Pour moi, le destin a donc été providentiel. Je suis bien né, comme on disait autrefois. Mais ç’aurait pu être autrement. Imaginez. J’aurais pu avoir Lise Payette comme mère, par exemple. Et si c’eut été le cas, sans doute m’aurait-elle appris à mépriser mon propre sexe, de peur que je ne devienne un de ces Jean-Paul Belleau qu’elle hallucine en permanence, et plus récemment, dans les pages de sport des quotidiens.

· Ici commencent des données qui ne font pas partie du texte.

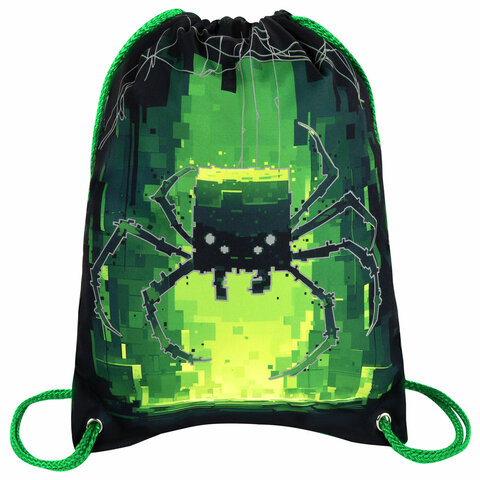 Мешок для обуви BRAUBERG PREMIUM, карман, подкладка, светоотражайка, 43х33 см, Digital spider, 27344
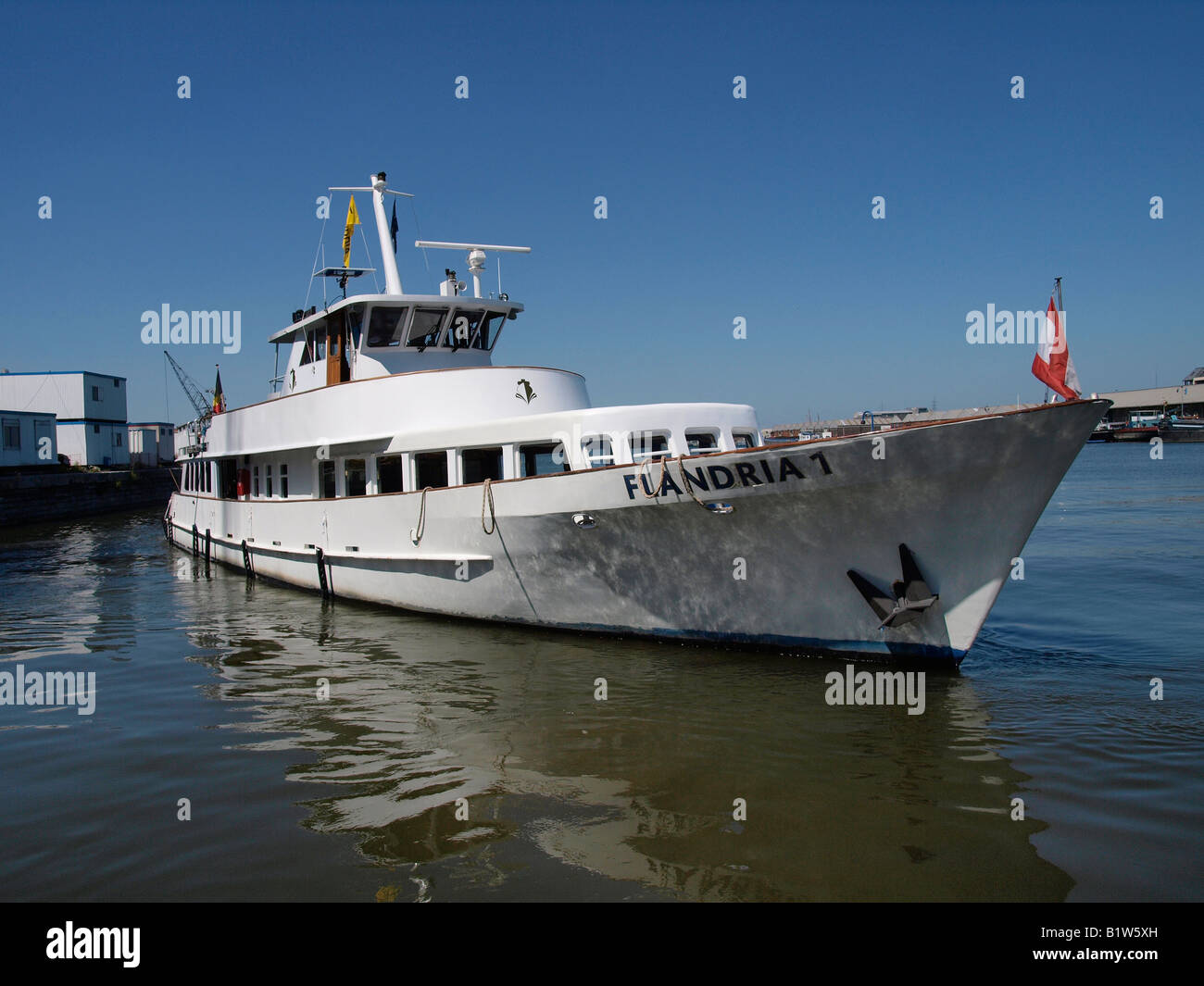 Flandria 1 crucero Yate usado para excursiones turísticas en el puerto de Amberes, Flandes, Bélgica Foto de stock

"Il s’est trouvé certains commentateurs pour lever le nez sur les médailles remportées par les filles, écrivait-elle le 27 février. Ces médailles-là, selon eux, n’auraient pas la même valeur que celles des garçons, parce que les filles sont en compétition contre d’autres filles, ou, pire, dans le cas du hockey féminin, contre personne, car les autres équipes féminines étaient inexistantes", délire l’ex-politicienne et auteure de téléromans, aujourd’hui chroniqueuse au Journal de Québec et de Montréal, profitant de l’occasion qu’elle a fabriquée de toutes pièces pour dénigrer le genre masculin au grand complet comme elle seule en est capable.
Pauvre Madame Payette… Personne n’a levé le nez sur LES médailles remportées par LES filles, mais sur certaines DES médailles remportées par DES filles. Ces mêmes journalistes ont aussi levé le nez sur les médailles des hommes en skeleton, ou en bobsleigh, précisant que la pratique de ces sports étant marginale, et donc sans grande compétition, le mérite qu’on pouvait retirer d’une victoire dans ces disciplines n’avait rien à voir avec celui que l’on retire d’une victoire en patinage de vitesse (on n’y compte plus les médailles des filles, dont cinq à Klassen) ou en ski de fond (Renner, Crawford, Scott, toutes des Canadiennes médaillées), où la compétition est autrement relevée.
Quant au hockey féminin, en avez-vous seulement regardé une minute, Madame Payette? Moi, si. Et cela m’a rappelé quand mon père m’amenait voir les Nordiques jouer contre les Whalers de Hartford. À l’époque, Hartford avait une équipe pitoyable. C’était donc joué d’avance: les Nordiques allaient les clancher, leur donner la rince du siècle. Est-ce que cela me faisait plaisir, est-ce que ces victoires avaient autant de valeur à mes yeux que celles qu’ils remportaient contre Saint Louis, Chicago ou Montréal?
Ben non, Chose, je trouvais ça plate à mort. Je n’aimais pas moins les Nordiques, cela n’enlevait rien à leur talent, c’était quand même MON équipe.
Mais à 10 ans, même si je n’avais jamais entendu ni lu la maxime, j’avais déjà compris qu’à vaincre sans péril, on triomphe sans gloire.
Parlant d’âge, je google votre nom. 43 100 résultats. Selon votre biographie de l’Assemblée nationale, vous êtes née en 1931. Vous aurez donc 75 ans le 29 août prochain.
Oserai-je pour autant vous taxer de sénilité? Mettons que je vous donne le choix: soit vos chroniques témoignent d’une extrême malhonnêteté intellectuelle, d’un désir malsain d’attiser inutilement les conflits entre hommes et femmes en manipulant l’information, soit votre âge vénérable explique que dès qu’il est question de critiquer une femme, même indirectement comme c’est ici le cas, vous perdez les pédales, la notion du temps, et vous croyez revenue à l’époque des Yvettes.
Je vous comprendrai de ne pas excuser ma goujaterie, mais comme je l’expliquais plus haut, si on m’a appris à respecter la femme comme mon égale, on m’a aussi inculqué une intolérance viscérale à la connerie humaine.
Une connerie qui, cela vous fera plaisir, d’autant que vous en faites à nouveau la preuve, n’a pas de sexe. Ni d’âge d’ailleurs.